The Personal Financial Literacy Act would require the teaching of personal financial literacy education to public school students in grades seven through twelve and require students to achieve satisfactory completion of financial literacy education in order to graduate.


Model Legislation

Section 1. {Title}

The Personal Financial Literacy Act

Section 2. {Definitions}

(A) "Personal financial literacy passport" shall include, but is not limited to, the following areas of instruction:

(1) Understanding interest, credit card debt, and online commerce;
(2) Rights and responsibilities of renting or buying a home;
(3) Savings and investing;
(4) Planning for retirement;
(5) Bankruptcy;
(6) Banking and financial services;
(7) Balancing a checkbook;
(8) Understanding loans and borrowing money, including predatory lending and payday loans;
(9) Understanding insurance;
(10) Identity fraud and theft;
(11) Charitable giving;
(12) Understanding the financial impact and consequences of gambling;
(13) Earning an income; and
(14) Understanding state and federal taxes.

(B) "Board" means the state Board of Education.

(C) "Department" means the state Department of Education

Section 3. {Administration}

(A) Beginning with students entering the seventh grade in [year] school year, in order to graduate from a public high school accredited by the state Board of Education with a standard diploma, students shall fulfill the requirements for a personal financial literacy passport. The requirements for a personal financial literacy passport shall be satisfactory completion in all areas of instruction in personal financial literacy as listed in Subsection (A) of Section 2 during grades seven through twelve.

(B) Beginning with the [year] school year, school districts shall provide instruction in personal financial literacy to students during grades seven through twelve. School districts shall have the option of determining when each area of instruction listed in Subsection (A) of Section 2 shall be presented to students.

(C) Personal financial literacy instruction shall be integrated into one or more existing courses of study or provided in a separate personal financial literacy course. School districts shall have the option of determining into which course or courses each area of instruction listed in Subsection (A) of Section 2 shall be integrated.

(D) The state Board of Education shall identify and adopt curriculum standards for personal financial literacy instruction that reflect the areas of instruction listed in Subsection (A) of Section 2. The standards shall be incorporated into the state academic content standards adopted by the Board.

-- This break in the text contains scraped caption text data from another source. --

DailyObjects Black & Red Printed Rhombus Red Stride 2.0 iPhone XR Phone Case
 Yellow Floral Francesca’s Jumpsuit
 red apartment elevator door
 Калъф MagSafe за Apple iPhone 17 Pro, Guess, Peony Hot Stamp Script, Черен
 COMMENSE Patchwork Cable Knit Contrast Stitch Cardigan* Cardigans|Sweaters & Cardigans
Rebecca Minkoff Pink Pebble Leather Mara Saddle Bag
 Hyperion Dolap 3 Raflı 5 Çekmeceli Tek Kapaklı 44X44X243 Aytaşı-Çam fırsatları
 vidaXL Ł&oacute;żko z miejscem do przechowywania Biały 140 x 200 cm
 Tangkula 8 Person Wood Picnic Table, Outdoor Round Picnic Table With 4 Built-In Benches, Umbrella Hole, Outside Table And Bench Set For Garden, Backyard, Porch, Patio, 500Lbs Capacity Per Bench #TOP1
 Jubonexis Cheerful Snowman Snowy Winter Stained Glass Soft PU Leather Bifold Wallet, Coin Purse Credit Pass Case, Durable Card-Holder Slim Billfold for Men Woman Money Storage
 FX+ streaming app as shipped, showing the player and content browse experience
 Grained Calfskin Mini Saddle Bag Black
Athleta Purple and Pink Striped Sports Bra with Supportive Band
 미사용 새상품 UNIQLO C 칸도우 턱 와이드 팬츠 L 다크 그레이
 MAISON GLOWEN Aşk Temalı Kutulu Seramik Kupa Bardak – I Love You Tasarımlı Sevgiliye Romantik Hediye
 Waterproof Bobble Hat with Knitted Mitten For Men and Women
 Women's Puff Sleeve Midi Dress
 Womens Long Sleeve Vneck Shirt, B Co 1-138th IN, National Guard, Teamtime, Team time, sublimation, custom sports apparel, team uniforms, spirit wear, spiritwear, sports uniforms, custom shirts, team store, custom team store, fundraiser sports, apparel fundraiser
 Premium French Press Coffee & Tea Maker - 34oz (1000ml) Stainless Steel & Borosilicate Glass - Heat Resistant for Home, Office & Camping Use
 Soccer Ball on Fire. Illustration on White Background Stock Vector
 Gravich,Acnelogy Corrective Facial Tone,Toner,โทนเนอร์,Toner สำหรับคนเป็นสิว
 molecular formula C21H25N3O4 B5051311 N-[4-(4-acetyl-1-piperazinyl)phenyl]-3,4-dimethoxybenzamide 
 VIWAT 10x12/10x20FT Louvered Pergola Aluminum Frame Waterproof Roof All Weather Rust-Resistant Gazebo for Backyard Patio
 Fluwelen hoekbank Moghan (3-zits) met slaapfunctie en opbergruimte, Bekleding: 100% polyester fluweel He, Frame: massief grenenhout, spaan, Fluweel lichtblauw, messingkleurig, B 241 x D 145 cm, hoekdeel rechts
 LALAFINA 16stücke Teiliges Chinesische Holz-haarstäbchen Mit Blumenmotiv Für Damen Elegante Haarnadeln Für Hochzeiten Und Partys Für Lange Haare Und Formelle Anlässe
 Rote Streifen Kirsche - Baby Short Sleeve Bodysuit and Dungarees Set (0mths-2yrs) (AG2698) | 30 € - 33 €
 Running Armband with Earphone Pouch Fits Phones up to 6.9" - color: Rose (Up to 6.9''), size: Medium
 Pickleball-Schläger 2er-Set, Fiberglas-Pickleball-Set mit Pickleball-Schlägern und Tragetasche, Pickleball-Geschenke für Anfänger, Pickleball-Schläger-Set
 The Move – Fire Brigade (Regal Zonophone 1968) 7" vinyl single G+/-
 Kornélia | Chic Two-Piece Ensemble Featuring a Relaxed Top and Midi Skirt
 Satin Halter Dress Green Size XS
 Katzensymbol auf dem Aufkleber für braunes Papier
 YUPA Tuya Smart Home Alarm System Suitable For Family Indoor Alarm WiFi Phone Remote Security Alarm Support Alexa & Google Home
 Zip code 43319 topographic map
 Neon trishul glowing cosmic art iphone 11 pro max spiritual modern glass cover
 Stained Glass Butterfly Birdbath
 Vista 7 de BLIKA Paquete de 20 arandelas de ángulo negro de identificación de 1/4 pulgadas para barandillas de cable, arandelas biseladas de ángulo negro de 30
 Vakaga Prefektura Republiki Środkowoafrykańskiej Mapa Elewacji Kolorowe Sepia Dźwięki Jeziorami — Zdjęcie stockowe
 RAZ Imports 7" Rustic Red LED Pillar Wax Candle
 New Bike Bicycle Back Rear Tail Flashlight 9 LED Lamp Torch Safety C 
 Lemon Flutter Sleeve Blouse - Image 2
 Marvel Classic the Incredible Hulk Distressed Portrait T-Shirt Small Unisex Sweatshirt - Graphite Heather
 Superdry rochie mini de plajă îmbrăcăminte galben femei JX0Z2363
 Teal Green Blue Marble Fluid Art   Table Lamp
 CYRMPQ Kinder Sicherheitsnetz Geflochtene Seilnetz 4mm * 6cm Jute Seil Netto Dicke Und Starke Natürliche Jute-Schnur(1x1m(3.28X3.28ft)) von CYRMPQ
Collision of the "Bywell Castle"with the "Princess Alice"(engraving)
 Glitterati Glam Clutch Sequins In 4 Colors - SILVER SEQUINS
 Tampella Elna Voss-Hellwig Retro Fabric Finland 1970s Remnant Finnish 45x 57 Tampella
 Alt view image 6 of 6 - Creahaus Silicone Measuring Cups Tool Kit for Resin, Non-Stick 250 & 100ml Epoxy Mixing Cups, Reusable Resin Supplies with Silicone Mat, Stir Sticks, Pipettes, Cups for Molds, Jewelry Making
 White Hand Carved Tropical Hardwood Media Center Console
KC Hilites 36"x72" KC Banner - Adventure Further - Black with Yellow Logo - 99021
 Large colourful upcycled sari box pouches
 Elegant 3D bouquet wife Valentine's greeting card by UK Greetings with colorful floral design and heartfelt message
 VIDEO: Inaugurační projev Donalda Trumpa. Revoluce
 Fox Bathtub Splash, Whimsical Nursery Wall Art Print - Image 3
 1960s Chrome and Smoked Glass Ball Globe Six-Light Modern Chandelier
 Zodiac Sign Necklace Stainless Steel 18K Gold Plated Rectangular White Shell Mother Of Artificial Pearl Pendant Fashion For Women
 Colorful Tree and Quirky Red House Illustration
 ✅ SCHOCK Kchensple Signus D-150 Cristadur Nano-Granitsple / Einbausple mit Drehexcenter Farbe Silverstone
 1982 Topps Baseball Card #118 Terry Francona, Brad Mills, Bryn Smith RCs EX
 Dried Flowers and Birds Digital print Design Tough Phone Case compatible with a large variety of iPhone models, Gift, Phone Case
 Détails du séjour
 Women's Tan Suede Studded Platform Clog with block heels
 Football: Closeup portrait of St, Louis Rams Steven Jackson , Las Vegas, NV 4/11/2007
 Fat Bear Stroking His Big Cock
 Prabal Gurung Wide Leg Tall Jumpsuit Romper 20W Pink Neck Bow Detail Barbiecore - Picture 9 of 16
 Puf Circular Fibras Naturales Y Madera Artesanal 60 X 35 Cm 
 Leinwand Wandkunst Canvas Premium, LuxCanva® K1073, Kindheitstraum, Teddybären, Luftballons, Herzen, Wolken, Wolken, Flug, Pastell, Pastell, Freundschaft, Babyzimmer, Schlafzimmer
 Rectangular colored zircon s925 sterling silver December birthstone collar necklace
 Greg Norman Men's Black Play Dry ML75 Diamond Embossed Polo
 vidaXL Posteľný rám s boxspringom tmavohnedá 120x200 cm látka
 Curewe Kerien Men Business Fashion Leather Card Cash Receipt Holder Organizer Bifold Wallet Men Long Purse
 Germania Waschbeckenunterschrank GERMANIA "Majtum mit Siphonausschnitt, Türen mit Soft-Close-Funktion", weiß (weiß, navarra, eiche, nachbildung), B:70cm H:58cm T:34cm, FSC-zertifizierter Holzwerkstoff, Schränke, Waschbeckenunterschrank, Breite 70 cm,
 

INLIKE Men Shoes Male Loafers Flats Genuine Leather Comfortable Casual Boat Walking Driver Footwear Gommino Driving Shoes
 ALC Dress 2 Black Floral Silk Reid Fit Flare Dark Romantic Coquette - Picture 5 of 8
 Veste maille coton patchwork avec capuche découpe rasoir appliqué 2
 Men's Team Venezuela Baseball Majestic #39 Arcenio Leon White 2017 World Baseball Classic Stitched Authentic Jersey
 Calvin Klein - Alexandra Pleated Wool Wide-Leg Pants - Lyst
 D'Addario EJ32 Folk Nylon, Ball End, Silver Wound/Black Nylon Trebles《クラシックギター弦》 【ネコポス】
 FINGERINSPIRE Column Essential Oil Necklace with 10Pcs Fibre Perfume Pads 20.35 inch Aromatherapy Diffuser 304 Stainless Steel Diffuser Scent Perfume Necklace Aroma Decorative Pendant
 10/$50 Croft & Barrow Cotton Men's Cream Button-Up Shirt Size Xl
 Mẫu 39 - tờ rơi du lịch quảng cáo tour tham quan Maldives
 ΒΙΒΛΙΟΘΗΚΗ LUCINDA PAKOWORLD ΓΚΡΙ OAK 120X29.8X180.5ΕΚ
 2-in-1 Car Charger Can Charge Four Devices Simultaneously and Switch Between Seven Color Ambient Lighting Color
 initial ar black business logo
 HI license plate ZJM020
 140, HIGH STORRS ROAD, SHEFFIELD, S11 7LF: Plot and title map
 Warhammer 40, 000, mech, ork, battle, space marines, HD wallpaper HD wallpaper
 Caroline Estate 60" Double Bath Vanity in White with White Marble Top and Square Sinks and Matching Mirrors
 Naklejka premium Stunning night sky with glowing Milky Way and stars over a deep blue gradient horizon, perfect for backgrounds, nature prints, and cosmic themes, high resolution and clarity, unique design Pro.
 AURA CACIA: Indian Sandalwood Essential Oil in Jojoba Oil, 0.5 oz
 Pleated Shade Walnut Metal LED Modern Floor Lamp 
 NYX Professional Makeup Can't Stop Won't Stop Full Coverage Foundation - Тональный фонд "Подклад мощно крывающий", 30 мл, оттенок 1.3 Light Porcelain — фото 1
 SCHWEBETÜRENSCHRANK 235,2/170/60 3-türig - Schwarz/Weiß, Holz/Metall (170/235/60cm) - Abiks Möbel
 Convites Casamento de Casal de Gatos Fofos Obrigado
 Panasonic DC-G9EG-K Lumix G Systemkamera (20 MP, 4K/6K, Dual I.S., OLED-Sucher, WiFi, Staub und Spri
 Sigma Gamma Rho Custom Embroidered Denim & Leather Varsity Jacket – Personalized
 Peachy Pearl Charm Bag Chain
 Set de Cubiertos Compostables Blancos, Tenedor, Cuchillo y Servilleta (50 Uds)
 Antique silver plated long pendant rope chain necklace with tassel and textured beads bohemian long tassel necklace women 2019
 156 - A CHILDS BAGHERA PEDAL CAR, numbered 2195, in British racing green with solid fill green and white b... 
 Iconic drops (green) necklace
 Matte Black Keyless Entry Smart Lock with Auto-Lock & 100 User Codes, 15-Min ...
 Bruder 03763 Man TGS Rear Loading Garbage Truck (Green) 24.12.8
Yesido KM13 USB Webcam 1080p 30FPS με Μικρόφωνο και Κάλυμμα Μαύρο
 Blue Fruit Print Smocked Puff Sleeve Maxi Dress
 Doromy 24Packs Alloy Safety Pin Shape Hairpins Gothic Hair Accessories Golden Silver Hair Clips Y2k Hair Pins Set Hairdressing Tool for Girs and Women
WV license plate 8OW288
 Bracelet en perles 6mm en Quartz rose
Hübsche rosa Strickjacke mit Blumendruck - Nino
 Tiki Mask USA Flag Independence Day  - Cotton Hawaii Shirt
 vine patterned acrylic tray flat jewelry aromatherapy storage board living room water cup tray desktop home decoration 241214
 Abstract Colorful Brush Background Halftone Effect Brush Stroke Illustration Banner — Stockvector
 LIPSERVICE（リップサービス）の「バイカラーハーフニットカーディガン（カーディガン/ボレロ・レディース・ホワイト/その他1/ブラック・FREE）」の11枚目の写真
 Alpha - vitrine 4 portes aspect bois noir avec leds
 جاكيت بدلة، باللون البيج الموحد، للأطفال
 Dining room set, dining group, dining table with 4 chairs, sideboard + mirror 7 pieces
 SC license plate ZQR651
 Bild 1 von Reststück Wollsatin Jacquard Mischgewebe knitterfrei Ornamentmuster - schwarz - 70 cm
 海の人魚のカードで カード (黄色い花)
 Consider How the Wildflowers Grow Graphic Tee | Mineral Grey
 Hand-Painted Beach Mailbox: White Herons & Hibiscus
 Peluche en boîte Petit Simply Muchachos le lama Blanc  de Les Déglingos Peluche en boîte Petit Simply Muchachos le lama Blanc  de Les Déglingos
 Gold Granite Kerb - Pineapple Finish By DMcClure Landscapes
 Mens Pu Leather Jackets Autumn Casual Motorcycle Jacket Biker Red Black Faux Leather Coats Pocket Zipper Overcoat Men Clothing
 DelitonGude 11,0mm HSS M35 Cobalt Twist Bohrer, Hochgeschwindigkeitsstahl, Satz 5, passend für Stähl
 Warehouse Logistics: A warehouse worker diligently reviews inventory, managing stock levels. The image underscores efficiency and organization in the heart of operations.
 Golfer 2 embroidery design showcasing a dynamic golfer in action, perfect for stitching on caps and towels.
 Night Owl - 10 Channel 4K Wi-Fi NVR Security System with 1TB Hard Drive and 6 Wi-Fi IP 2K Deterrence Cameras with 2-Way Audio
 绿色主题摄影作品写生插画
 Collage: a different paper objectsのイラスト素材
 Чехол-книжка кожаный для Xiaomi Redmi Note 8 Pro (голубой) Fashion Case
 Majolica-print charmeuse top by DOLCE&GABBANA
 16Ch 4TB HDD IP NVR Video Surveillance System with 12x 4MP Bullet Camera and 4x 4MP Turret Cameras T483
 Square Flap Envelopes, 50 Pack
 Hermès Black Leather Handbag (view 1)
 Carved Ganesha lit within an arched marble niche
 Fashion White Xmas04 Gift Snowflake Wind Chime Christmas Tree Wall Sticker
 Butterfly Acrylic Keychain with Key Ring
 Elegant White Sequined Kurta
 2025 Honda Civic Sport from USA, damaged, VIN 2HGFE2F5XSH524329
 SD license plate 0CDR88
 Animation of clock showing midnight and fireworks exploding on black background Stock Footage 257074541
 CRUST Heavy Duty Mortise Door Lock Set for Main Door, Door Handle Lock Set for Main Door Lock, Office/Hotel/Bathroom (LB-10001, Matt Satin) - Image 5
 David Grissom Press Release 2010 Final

(E) The state Department of Education shall:

(1) Develop guidelines and material designed to enable schools to infuse personal financial literacy within any course of study currently offered by the school district or offer personal financial literacy as a separate course. The guidelines shall outline the areas of instruction to be taught based on the curriculum standards adopted by the Board;
(2) Provide resources, including online modules, for integrating the teaching of personal financial literacy into an existing course or courses of study or for developing a separate personal financial literacy course. The online modules shall include an assessment component for each area of instruction listed in Subsection (A) of Section 2.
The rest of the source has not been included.